## To do
The task calls for the lines below from the line with "A dentist and" to the line with "Minimalistisk handsydd plånbok", both ends included, copied exactly, without any pictures.

## Provided entries
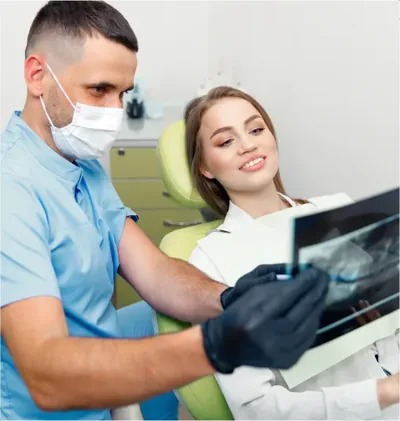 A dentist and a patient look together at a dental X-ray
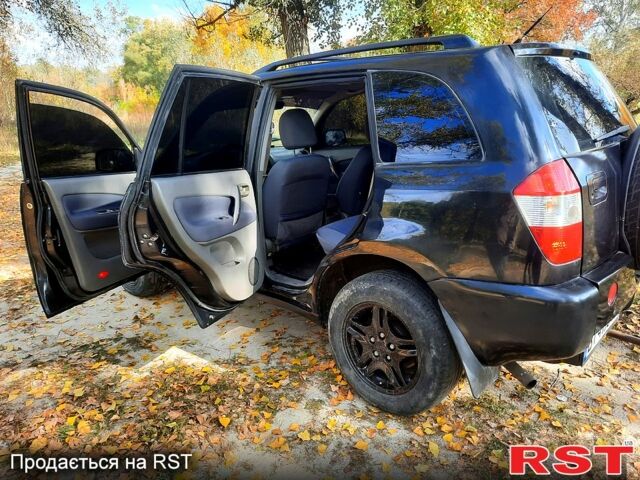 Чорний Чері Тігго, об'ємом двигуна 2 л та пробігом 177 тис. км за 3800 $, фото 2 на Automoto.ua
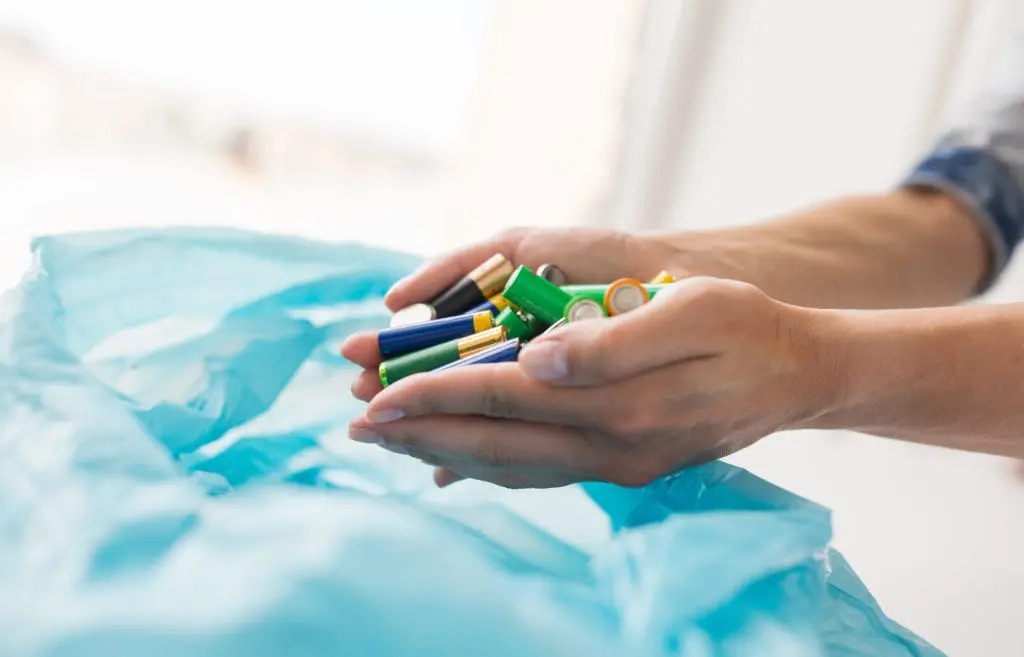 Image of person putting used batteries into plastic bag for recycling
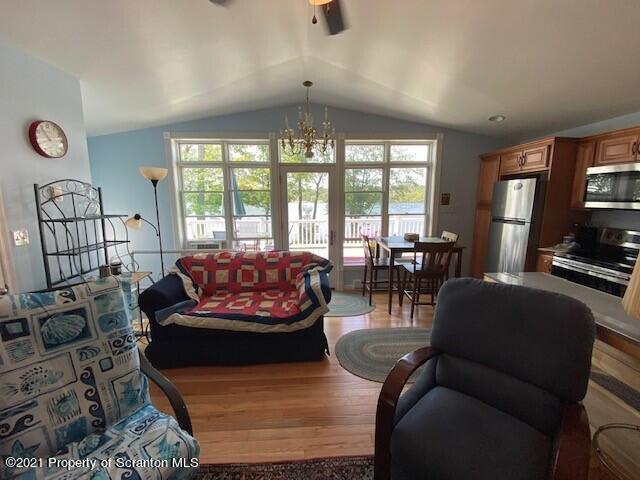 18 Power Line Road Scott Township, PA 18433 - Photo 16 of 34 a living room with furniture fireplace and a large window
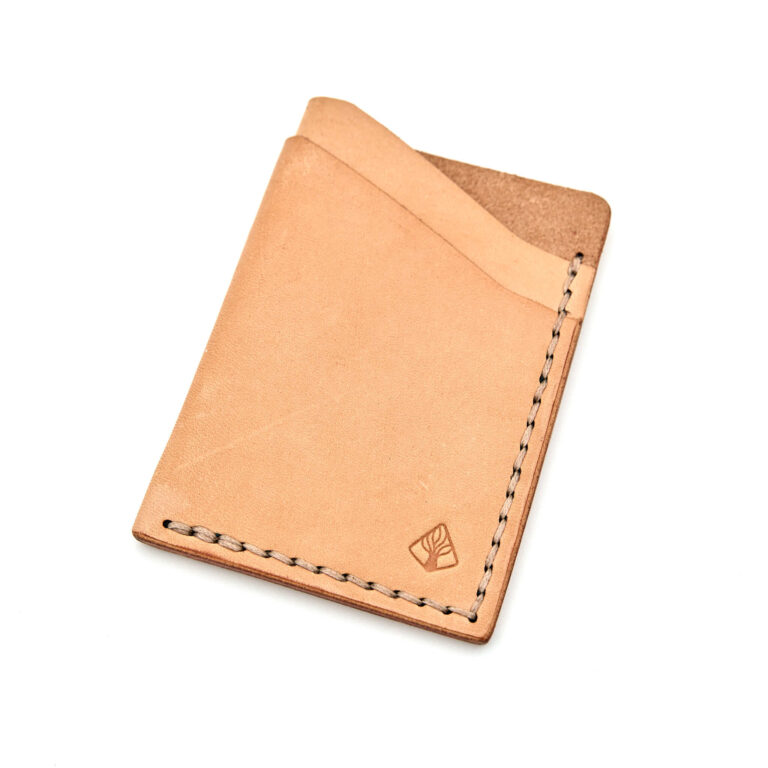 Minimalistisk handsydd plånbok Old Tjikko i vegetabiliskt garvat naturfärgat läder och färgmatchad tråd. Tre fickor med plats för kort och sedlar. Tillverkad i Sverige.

==

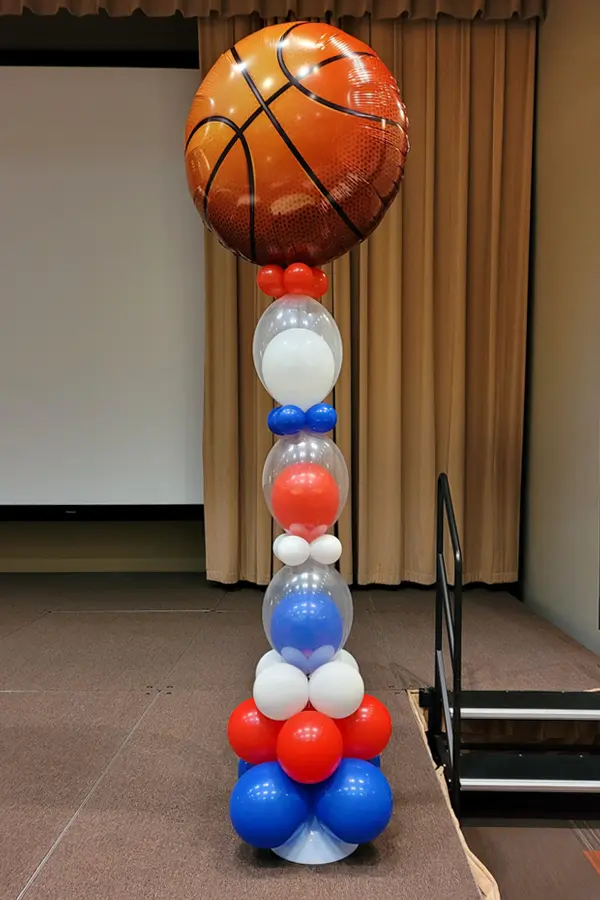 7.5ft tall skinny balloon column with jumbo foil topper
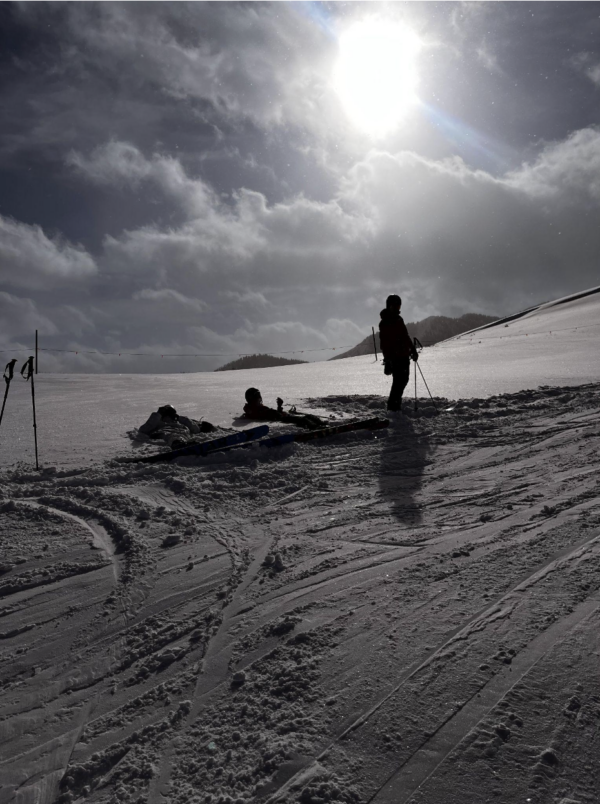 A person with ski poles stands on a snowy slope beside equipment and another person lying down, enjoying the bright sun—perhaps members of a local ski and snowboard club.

* * *

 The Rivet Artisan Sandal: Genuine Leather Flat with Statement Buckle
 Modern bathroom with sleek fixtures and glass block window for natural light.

## Response area
 A dentist and a patient look together at a dental X-ray
 Чорний Чері Тігго, об'ємом двигуна 2 л та пробігом 177 тис. км за 3800 $, фото 2 на Automoto.ua
 Image of person putting used batteries into plastic bag for recycling
 18 Power Line Road Scott Township, PA 18433 - Photo 16 of 34 a living room with furniture fireplace and a large window
 Minimalistisk handsydd plånbok Old Tjikko i vegetabiliskt garvat naturfärgat läder och färgmatchad tråd. Tre fickor med plats för kort och sedlar. Tillverkad i Sverige.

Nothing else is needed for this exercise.